The leaks were easy to fix. I placed the boat on saw horses in a dark garage, bottom up, and slid a bright worklight under the boat, waving it around inside of the hull while I stood outside and looked for bright spots of light. I marked those with a piece of masking tape, flipped the boat upright, and coated the inside of the fabric hull with a skim coat of marine Goop — essentially rubber cement and silicone. Three coats of Interlux Sea Green boat paint on the exterior also sealed any open mesh in the polyester, and after three hunts of leaks I finally got the hull to the point where it barely leaks at all.

A small trailer was built from instructions on REI’s website for building a kayak caddy. A couple wheelbarrow wheels, two long lengths of schedule 40 3/4″ PVC, T-connectors, 45 and 90 degree joints, a poodle noodle filched from the back of the beach car, some glue and some straps, and now I can walk the boat down the hill to the bay every morning and get in a quick 5000 meters before sitting down for a day of work.

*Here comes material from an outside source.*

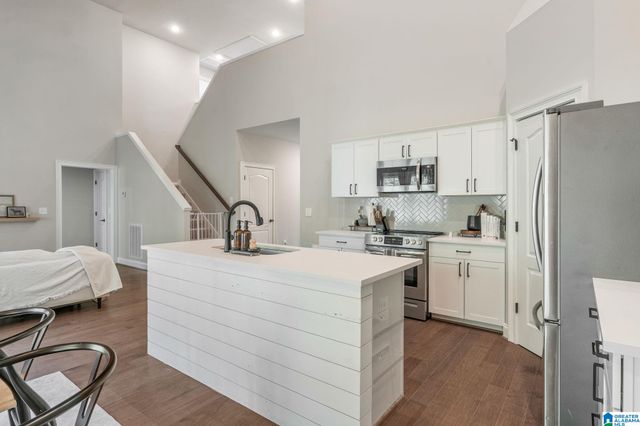 3692 VANDERBILT WAY, Fultondale, AL 35068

The boat rows extremely well in all conditions. One of the shakedown cruises was done in a 20 knot breeze and the boat handled the harbor chop beautifully. The hull tracks true and doesn’t hobby-horse over waves, slicing through them nicely. The run, or amount of glide between strokes, is less than a racing shell, but I can average five or six knots rowing at half-pressure.

Now that the rig is set, I can focus on cleaning up the boat and putting the finishing touches on it. I’m confident that I can row it year-round, especially if I’m careful when hypothermia is a threat and keep within swimming distance of the shore should the boat capsize or swamp. Winter is looking better by the minute.